PPRuNe Forums - View Single Post - AF 447 Search to resume (part2)

23rd May 2011 | 10:34

#2159 (permalink)

john_tullamarine

Fleet Manager

Joined: Apr 2001

: ATPL

Posts: 7,441

Likes: 306

From: various places .....

Ref this post my limited knowledge of cutting code suggested that the sentiments were a bit optimistic. A specialist colleague provided the following commentary as an observation and invited me to post it for information.

"The contributor who goes by the name of syseng68k has a rosy, and, I fear, misleading idea of the quality of software and software development. It is not error-free, even in critical systems. There is probably no substantial system (of the order of tens of thousands of lines of code or larger, the size of all flight control systems in commercial aircraft nowadays) which has ever been built that was or is error-free. For the state of the art, see the last paragraph.

I have worked in the reliability and safety of software-based systems for a quarter century, am a member of my country's standardisation committe on functional safety of computer-based systems, have an international reputation in the field, and indeed shall be giving a keynote talk at a major international conference on the subject later in the year.

A famous study by Robin Lutz of Iowa State University twenty years ago on the source of about 200 mission-critical software failures for NASA showed that over 98% were due to the requirements not covering adequately the actual situation the system encountered. (syseng68k prefers not to call these "bugs" but most people working in ultrareliable software do.) A more recent study by Lutz and Mikulski from 2004, published in one of the premier journals for software engineering, may be found at http://www.cs.iastate.edu/%7Erlutz/publications/tse04.pdf

There is an enormous variety of problems with computer-based systems in aerospace contexts, the number of incidents is clearly increasing, and I fear will continue to do so.
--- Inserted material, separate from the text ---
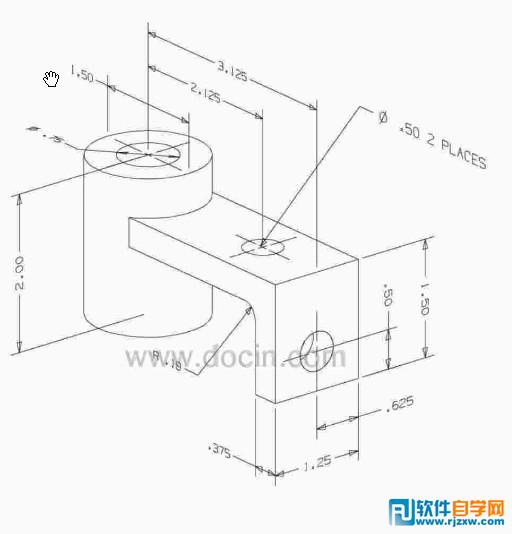 CAD教程：簡單教你繪制三維實體機械零件圖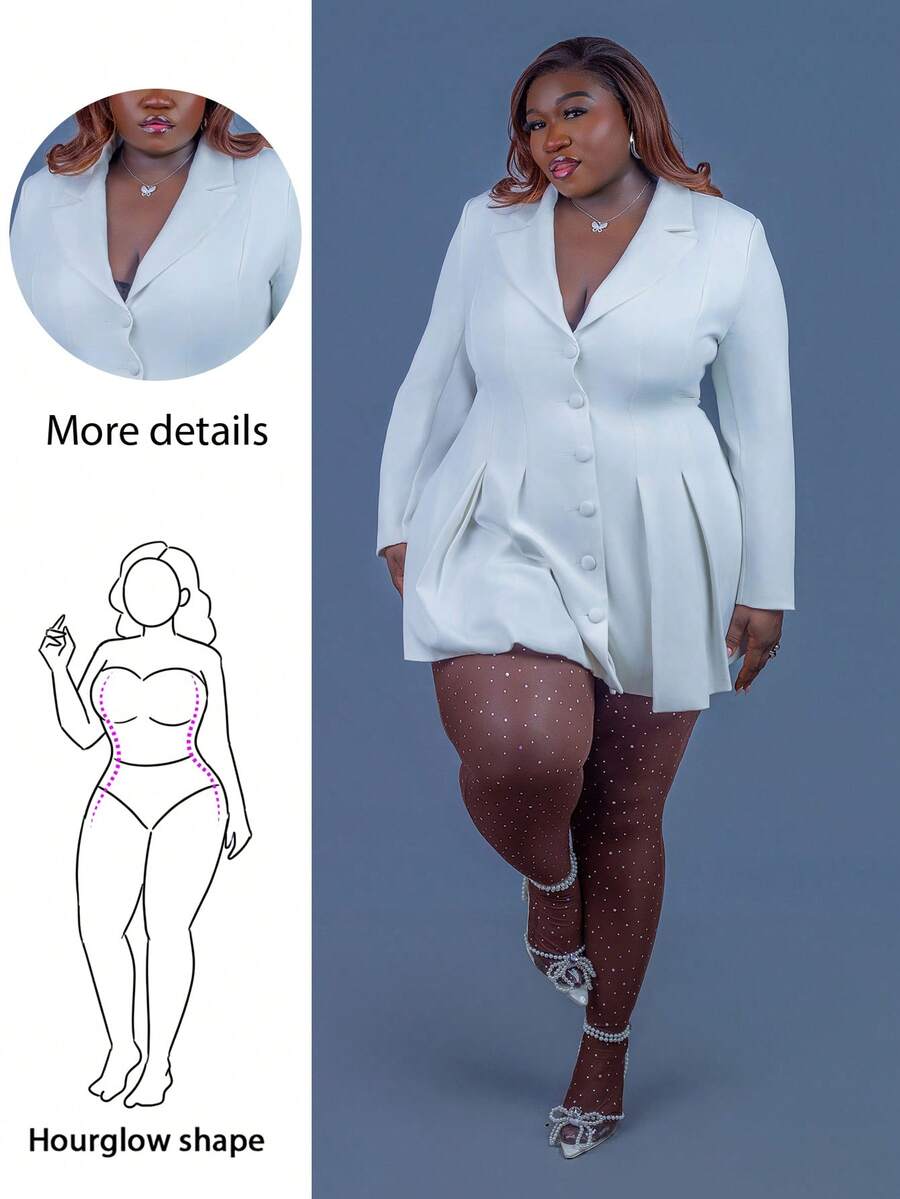 CurvyTilda Plus Size Black Sheer Sexy Tights For Party, Birthday, Date Night, Elegant Office Goth , JK Style, Glitter Mesh See-Through Valentine's Day Bottoms Spring, For Hourglass Body Shape - Brown - View 1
A check of Peter Neumann's "illustrative risks" Section 1.6, Commercial Aviation, gives some sense:
http://www.csl.sri.com/users/neumann/illustrative.html#9 The Risks Digest archive is also available on-line at http://catless.ncl.ac.uk/risks

Kevin Driscoll of Honeywell, along with Brendan Hall, Hakan Sivencrona (of Chalmers Institute of Technology) and Phil Zumsteg, published a paper recounting a so-called "Byzantine anomaly" with the FBW control system of a major airliner, that almost caused the airworthiness certificate to be withdrawn:
http://www.cs.indiana.edu/classes/b649-sjoh/reading/Driscoll-Hall-Sivencrona-Xumsteg-03.pdf
Driscoll gave a recent keynote talk at SAFECOMP 2010, "Murphy was an Optimist" on such kinds of failures, which are ongoing.

Estimates by colleagues who know put the general coding error rate in safety-critical software at about one error per 1,000 LOC (lines of executable source code). Obviously, this is a very general statement. How often behavioral anomalies are triggered by coding errors depends of course on the operational profile of the software. For example, the bug in the configuration control software on the Boeing 777 aircraft was present throughout the lifetime of the aircraft but only manifested after a decade of line service http://www.atsb.gov.au/publications/investigation_reports/2005/aair/aair200503722.aspx and recent anomalies, also triggered by issues with ADIRUs affecting the primary flight control, in Airbus A330 took a similar length of time to manifest : http://www.atsb.gov.au/media/1363394/ao2008070_ifr_2.pdf

There are some companies, such as Altran Praxis (formerly Praxis High Integrity Systems), who have instrumented their error rates and demonstrably achieve much lower rates, of the order of one error per 25,000 LOC. Altran Praxis have recently engaged on the Tokeneer project funded by the NSA, whose object was to develop error-free software http://www.adacore.com/home/products/sparkpro/tokeneer/
Despite apparent initial success, five errors were eventually found:
http://www-users.cs.york.ac.uk/~jim/woodcock-hoare-75th-final.pdf (note, this is a paper for a celebration of the 75th birthday of a UK pioneer in reliable software technology, Turing Award winner Sir Tony Hoare, co-inventor 40 years ago of the original method for mathematically proving that sequential programs do what they are supposed to do).

Summary: Five errors is as good as it gets in software with many tens of thousands of LOC. This is the order of the first civil aircraft flight control systems a quarter-century ago (Airbus A320, 1988, about 60,000 LOC). However, since then the size of the systems has increased by two orders of magnitude, and of course they are also very highly distributed, which brings many subtle additional sources of potential error into play (e.g., Byzantine failures)."